[Opening PROVIDED DATA section]
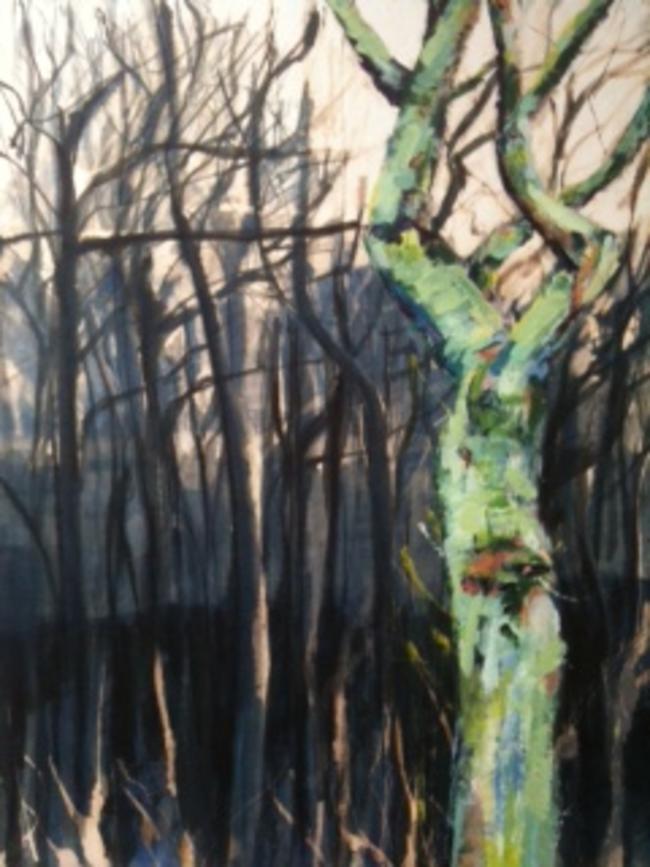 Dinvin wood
[Closing PROVIDED DATA section]
[Opening PROVIDED DATA section]
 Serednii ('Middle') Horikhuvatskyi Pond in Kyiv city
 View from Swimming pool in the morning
[Closing PROVIDED DATA section]
[Opening PROVIDED DATA section]
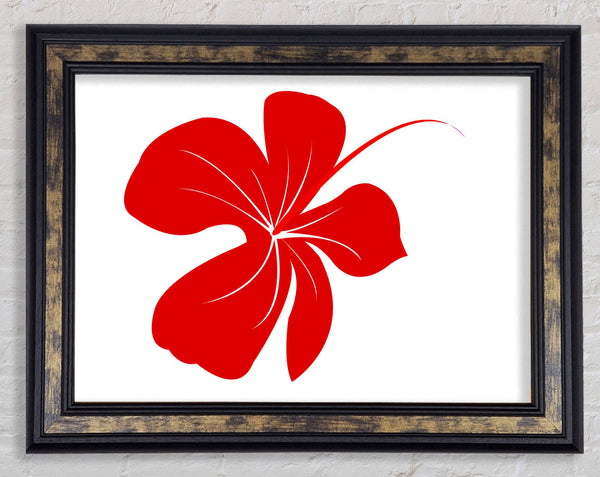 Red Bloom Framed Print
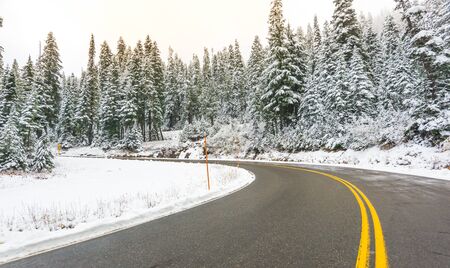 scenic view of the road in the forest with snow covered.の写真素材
[Closing PROVIDED DATA section]
## TRY IT:
Take the line above containing "Serednii ('Middle') Horikhuvatskyi", the line containing "View from Swimming pool in the morning", and all lines in between, and copy them exactly without anything else.

## EXERCISE SOLUTION:
 Serednii ('Middle') Horikhuvatskyi Pond in Kyiv city
 View from Swimming pool in the morning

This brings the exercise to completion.